Pourquoi ils ont voulu l’Europe

La première pierre de la construction européenne a été posée, ne l’oublions pas, le 9 mai 1950, à Paris, par Robert Schuman, alors ministre des Affaires étrangères, dans une déclaration préparée en collaboration étroite avec Jean Monnet, commissaire au Plan. Afin d’éliminer « l’opposition séculaire » entre la France et l’Allemagne, Schuman a proposé alors de placer la production franco-allemande de charbon et d’acier sous l’autorité d’une organisation commune, à laquelle il invitait les autres pays d’Europe occidentale à se joindre, et qu’il présentait comme « les premières assises concrètes d’une fédération européenne indispensable à la préservation de la paix. »
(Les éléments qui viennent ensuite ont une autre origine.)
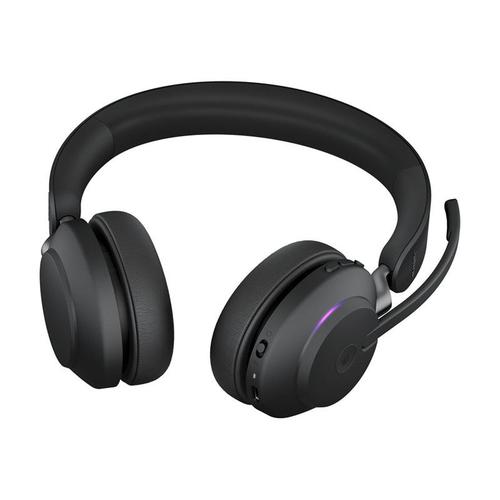 Jabra Evolve2 65 MS Stereo - Micro-casque - sur-oreille - Bluetooth - sans fil - USB-A - isolation acoustique - noir - Certifié pour Microsoft Teams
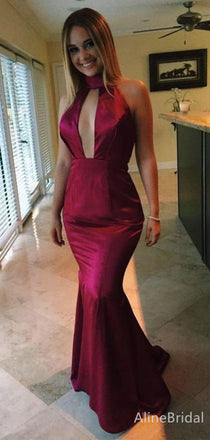 Sexy Burgundy Halter Long Mermaid Prom Dress with Cut-Out, PD382055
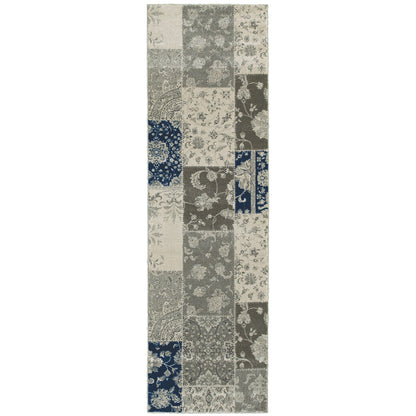 Richmond Ivory Grey Traditional Geometric Indoor Rug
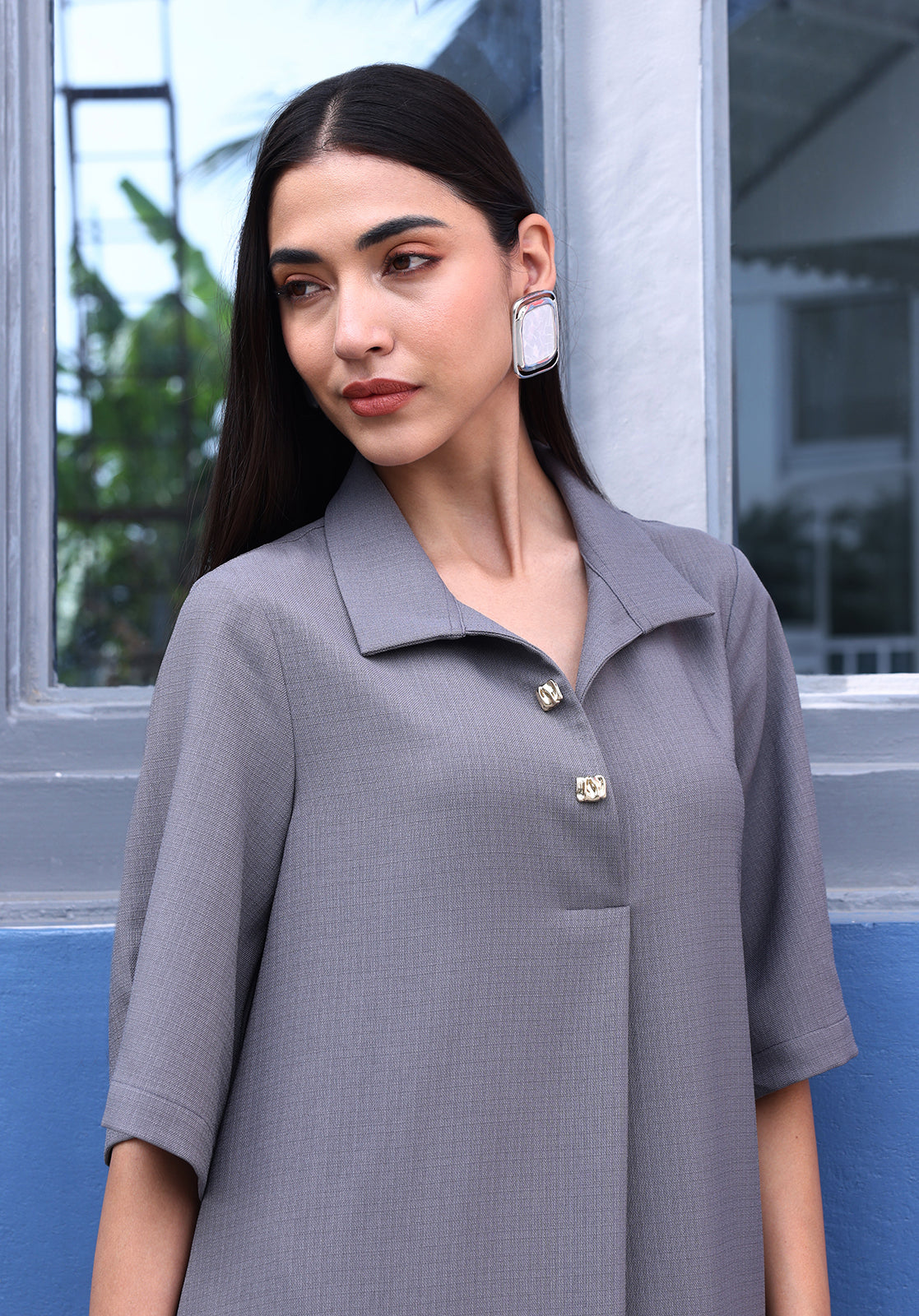 Grey Polyblend Straight Kurta & Trousers Set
La France rompait ainsi sans fracas, mais très délibérément, avec une politique à laquelle elle était pourtant très attachée depuis le Traité de Versailles, celle des gages territoriaux, économiques et financiers que les vainqueurs imposaient à l’Allemagne pour limiter sa montée en puissance. Du même coup, la IVème République reprenait l’initiative sur le terrain européen où les débuts de la guerre froide avaient paralysé son action, américains et britanniques ne s’embarrassant plus de ses exigences dans leurs relations avec la toute jeune République fédérale.
La déclaration Schuman se présente donc comme un événement charnière au moins aussi important dans l’histoire de notre continent que ce renversement des alliances qui avait vu, au milieu du 18ème siècle, Louis XV renouer avec l’Autriche catholique et les Habsbourg, longtemps ennemis héréditaires des Bourbons, au détriment de son ancien allié la Prusse protestante. Elle allait servir de phare à la politique française pour contrôler les rapports de force en Europe occidentale jusqu’à la chute du Mur de Berlin et au delà, lorsque Mitterrand obtiendra de l’Allemagne de Kohl, pour prix de sa réunification, l’abandon du mark et la création de l’euro.
Paradoxalement, le coup de frein donné par l’Assemblée nationale en 1954 en rejetant la Communauté européenne de défense et son embryon d’Europe politique, ébranlera l’idée même d’union politique, mais ne modifiera pas l’orientation générale de cette nouvelle stratégie diplomatique de la France. Contrairement aux attentes de la plupart de ses partisans, le général de Gaulle l’endossera, aussitôt revenu au pouvoir. Il décidera d’appliquer le Traité de Rome qui relançait le projet communautaire après l’échec de la CED et il s’efforcera, non sans succès, de la faire servir à ses propres desseins. De Pompidou à Chirac, ses successeurs ne feront pas autre chose, chacun à sa manière, en tenant compte de l’évolution de l’Europe et du monde.